TASK PROMPT: When you copy the records that follow, please keep every word exactly as it is and leave out the pictures.

** Opening ENTRIES SHOWN block **

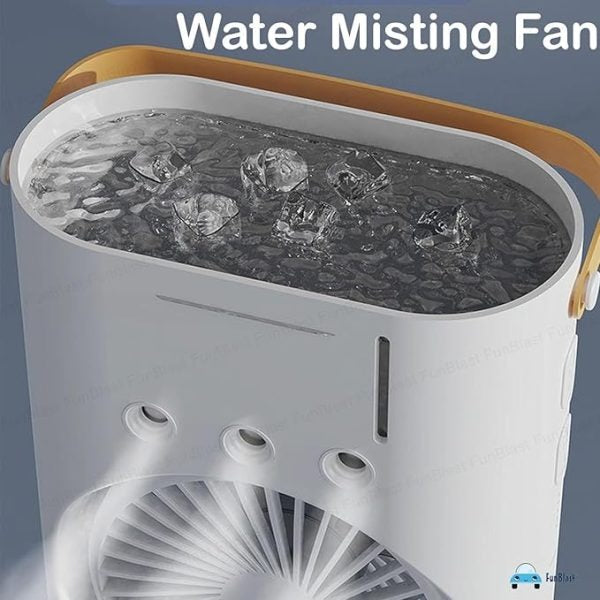 Rechargeable Double Head + Water Spray LED Fan- Remote Control
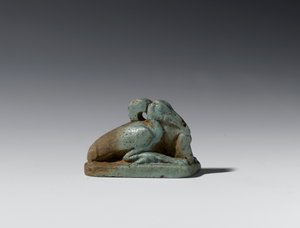 Mała figura ibisa, okres późny do okresu ptolemejskiego, 664-30 pne (fajans) autorstwa Egyptian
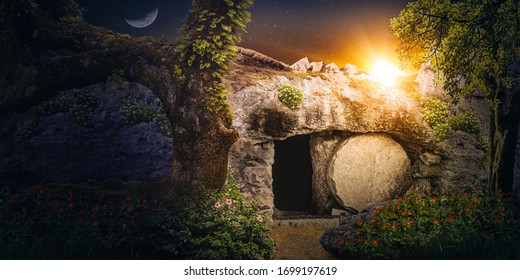 Jesus's Empty Tomb At Sunrise. Concept Of Resurrection.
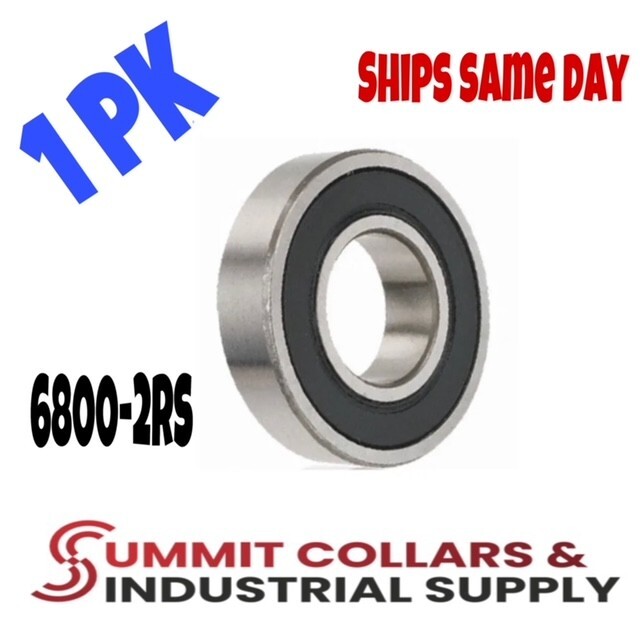6800-2RS Ball Bearing Supreme Rubber Sealed 10x19x5 mm (Qty 1)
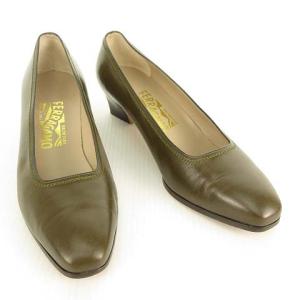 Salvatore Ferragamo プレーン レザー パンプス スクエアトゥ 7.5 D オリーブ
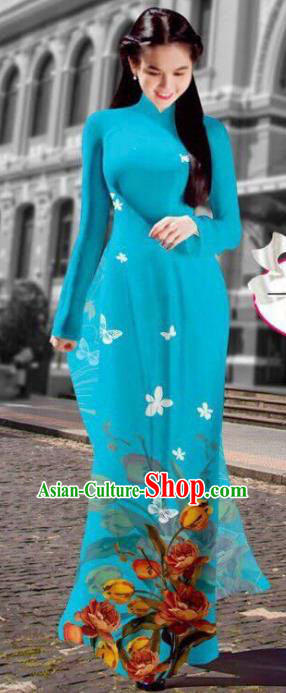 Asian Vietnam Costume Vietnamese Trational Dress Printing Blue Ao Dai Cheongsam Clothing for Women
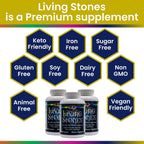 Living Stones, Suplemento Mineral Completo con Zinc, Calcio, Magnesio, Selenio, MSM y Shilajit (180 Cápsulas)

** Closing ENTRIES SHOWN block **

WORKED SOLUTION:
 Rechargeable Double Head + Water Spray LED Fan- Remote Control
 Mała figura ibisa, okres późny do okresu ptolemejskiego, 664-30 pne (fajans) autorstwa Egyptian
 Jesus's Empty Tomb At Sunrise. Concept Of Resurrection.
6800-2RS Ball Bearing Supreme Rubber Sealed 10x19x5 mm (Qty 1)
 Salvatore Ferragamo プレーン レザー パンプス スクエアトゥ 7.5 D オリーブ
 Asian Vietnam Costume Vietnamese Trational Dress Printing Blue Ao Dai Cheongsam Clothing for Women
 Living Stones, Suplemento Mineral Completo con Zinc, Calcio, Magnesio, Selenio, MSM y Shilajit (180 Cápsulas)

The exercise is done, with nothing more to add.